Exercise: Give back the lines below exactly, but do not include any pictures.

Data for this task:
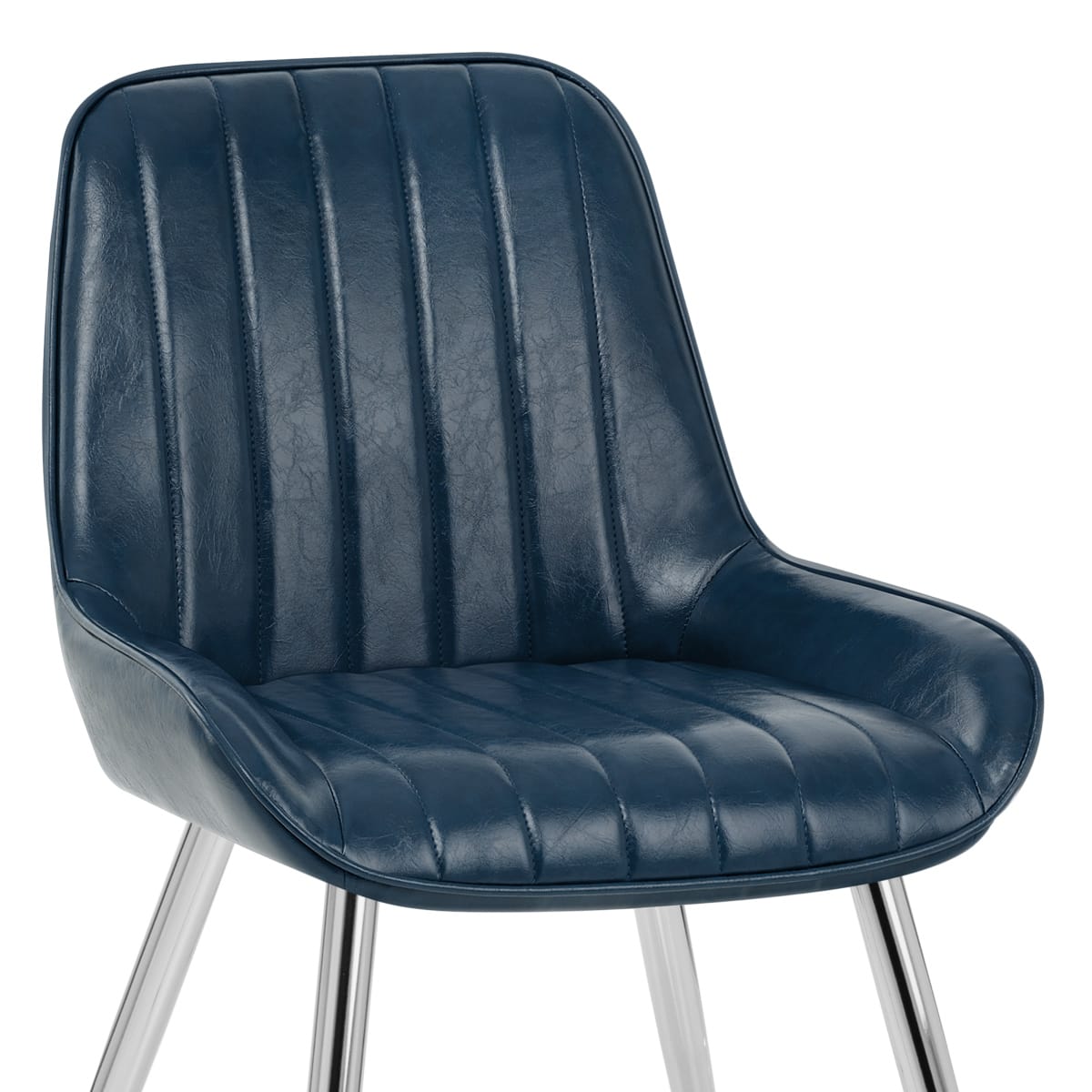 Silla Polipiel Cromo - Mustang Azul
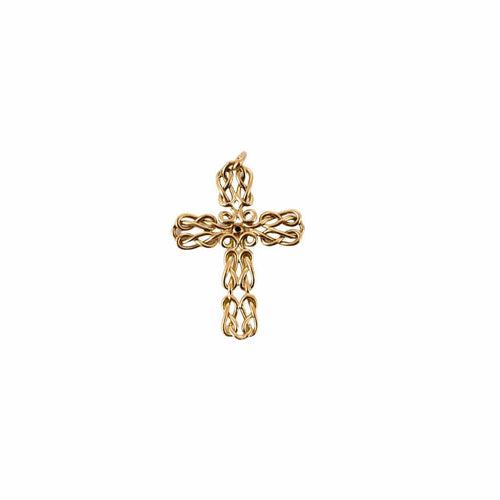 Pendentif Croix tréssée en or jaune 58 Facettes AUX1029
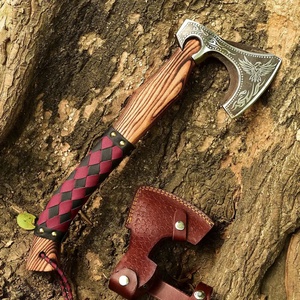 Hacha Vikinga Raven Forjada a Mano con Mango de Madera y Empuñadura de Cuero OEM ODM Venta al por Mayor Directo de Fábrica - Product Image 1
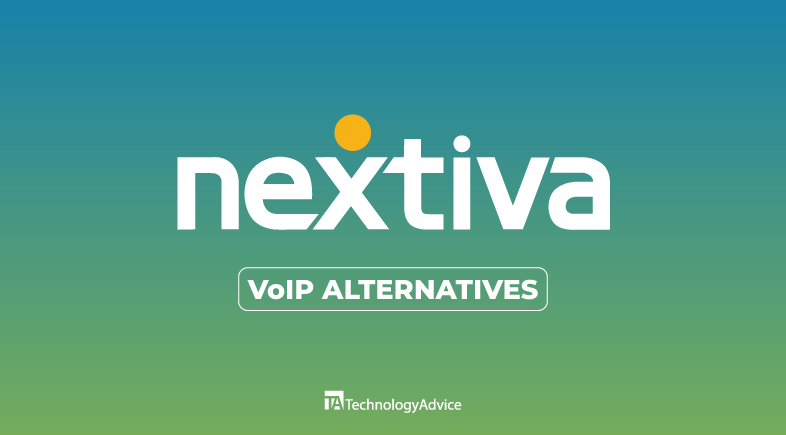 Nextiva VoIP alternatives logo on a green and blue gradient background.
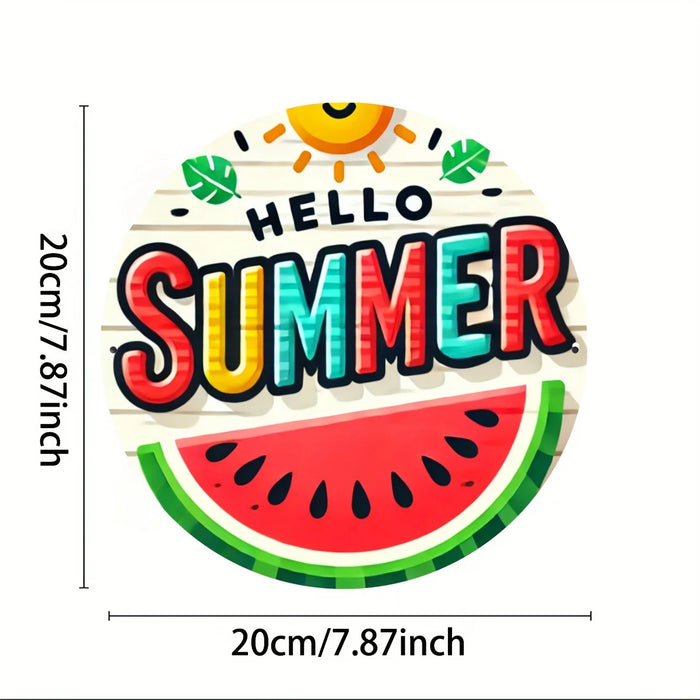 Summer Watermelon Round Metal Sign Versatile Decor For Home & Garden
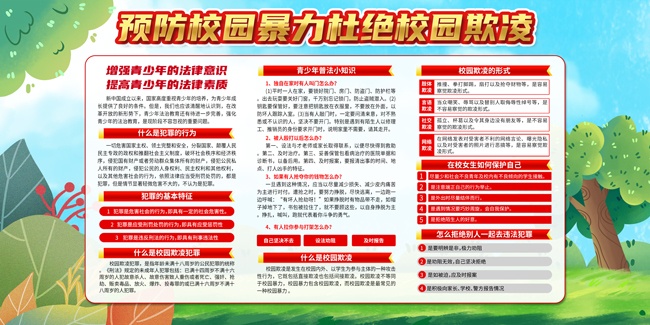 预防校园暴力保护青少年展板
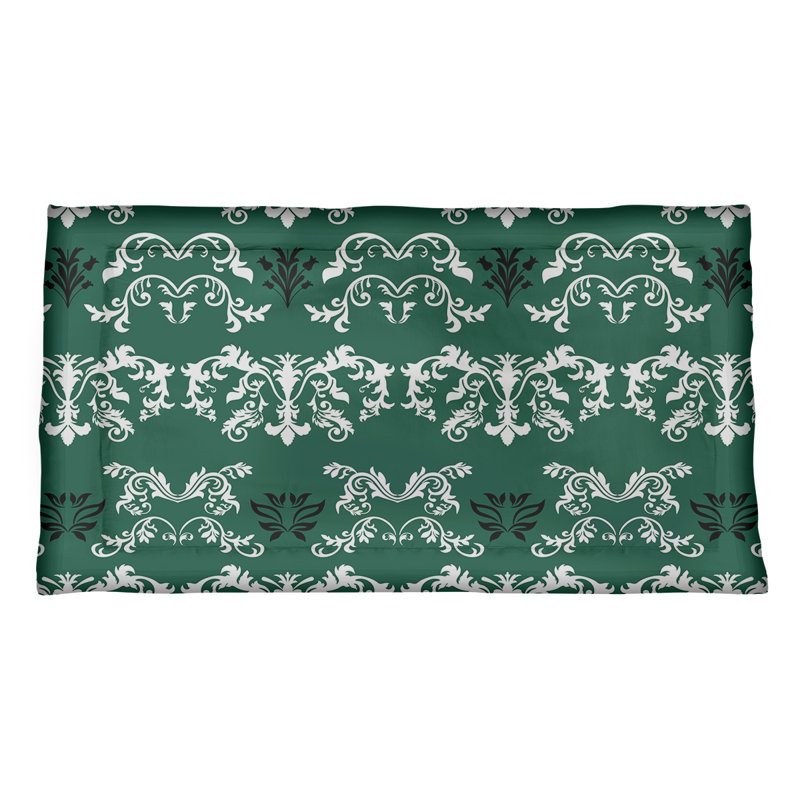 Football Baroque Pattern Pillow Sham, Standard, Polyester, Green/White/Black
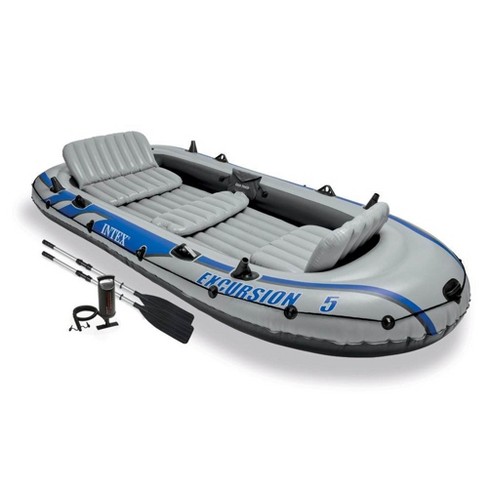 Intex Excursion Inflatable 5 Person Water Fishing River Boat Raft Set With  Oars : Target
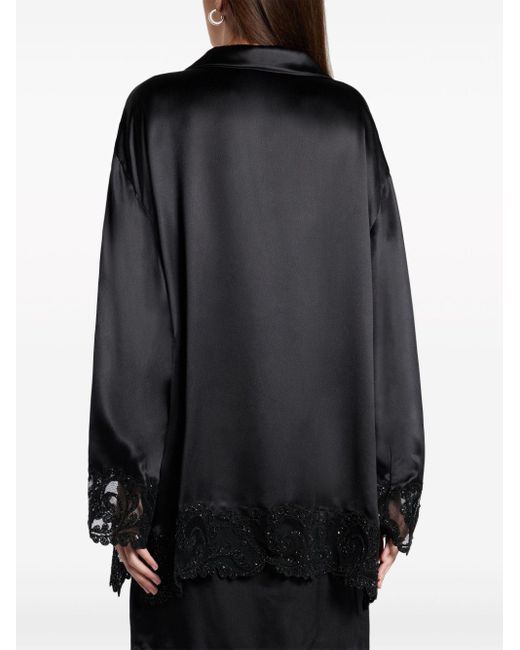 Versace Black Barocco Lace-trim Silk Shirt
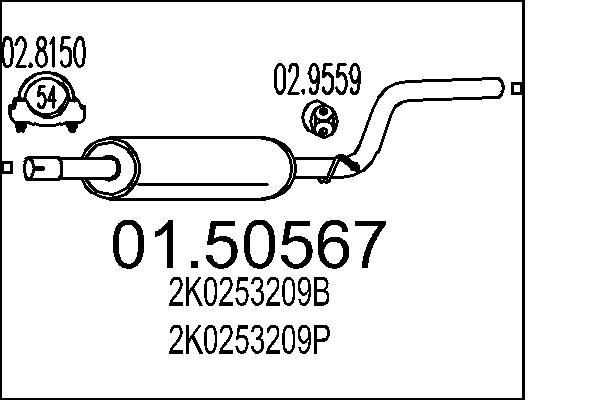 MTS Middle silencer Article number: 01.50567 cheaply
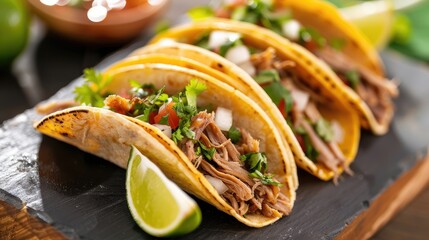 Traditional Mexican tacos with carnitas, fresh salsa and lime wedges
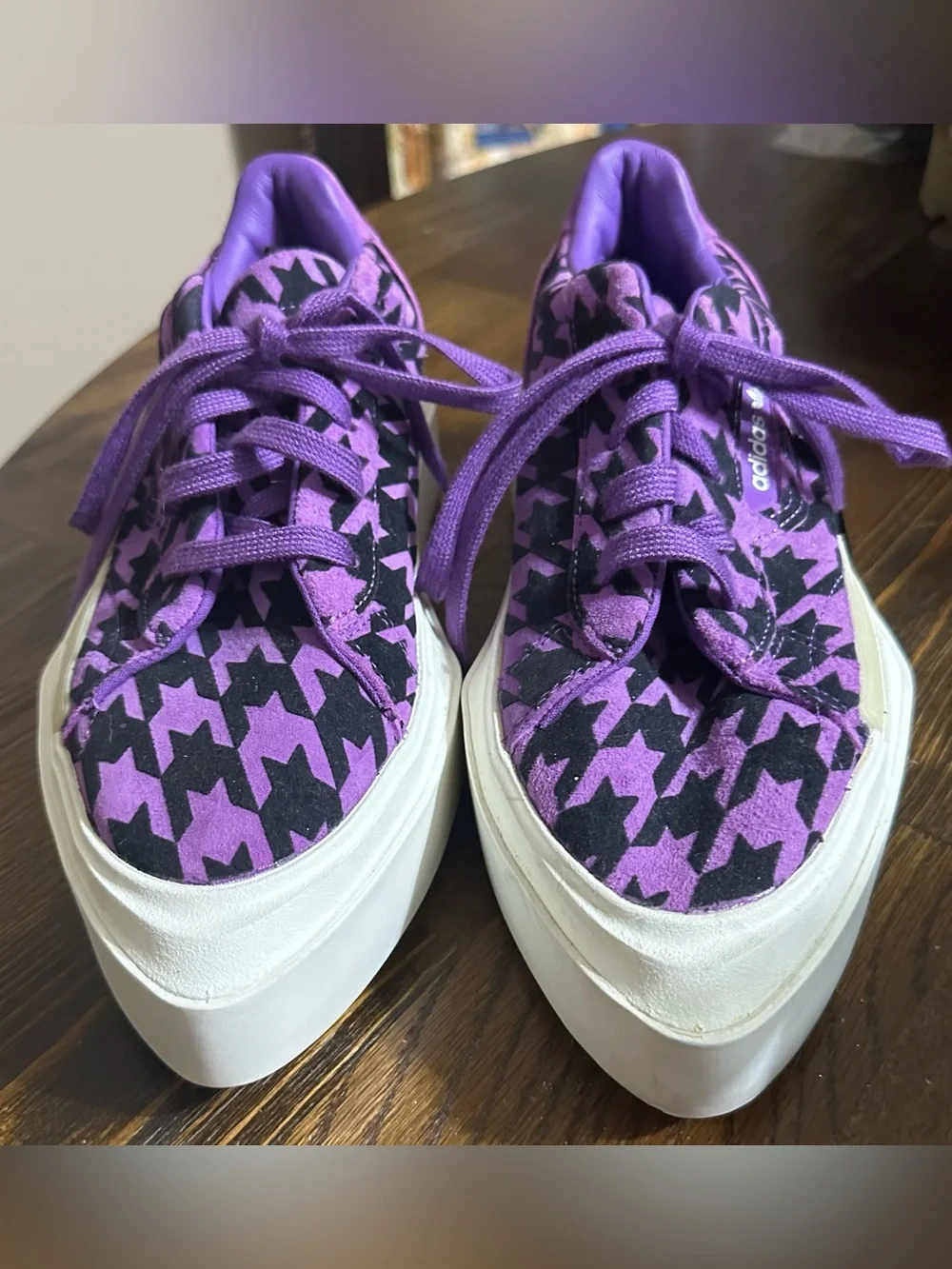 adidas Hypersleek Purple and Black Houndstooth Platform Sneakers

Exercise output:
 Silla Polipiel Cromo - Mustang Azul
 Pendentif Croix tréssée en or jaune 58 Facettes AUX1029
 Hacha Vikinga Raven Forjada a Mano con Mango de Madera y Empuñadura de Cuero OEM ODM Venta al por Mayor Directo de Fábrica - Product Image 1
 Nextiva VoIP alternatives logo on a green and blue gradient background.
 Summer Watermelon Round Metal Sign Versatile Decor For Home & Garden
 预防校园暴力保护青少年展板
 Football Baroque Pattern Pillow Sham, Standard, Polyester, Green/White/Black
 Intex Excursion Inflatable 5 Person Water Fishing River Boat Raft Set With  Oars : Target
 Versace Black Barocco Lace-trim Silk Shirt
 MTS Middle silencer Article number: 01.50567 cheaply
 Traditional Mexican tacos with carnitas, fresh salsa and lime wedges
 adidas Hypersleek Purple and Black Houndstooth Platform Sneakers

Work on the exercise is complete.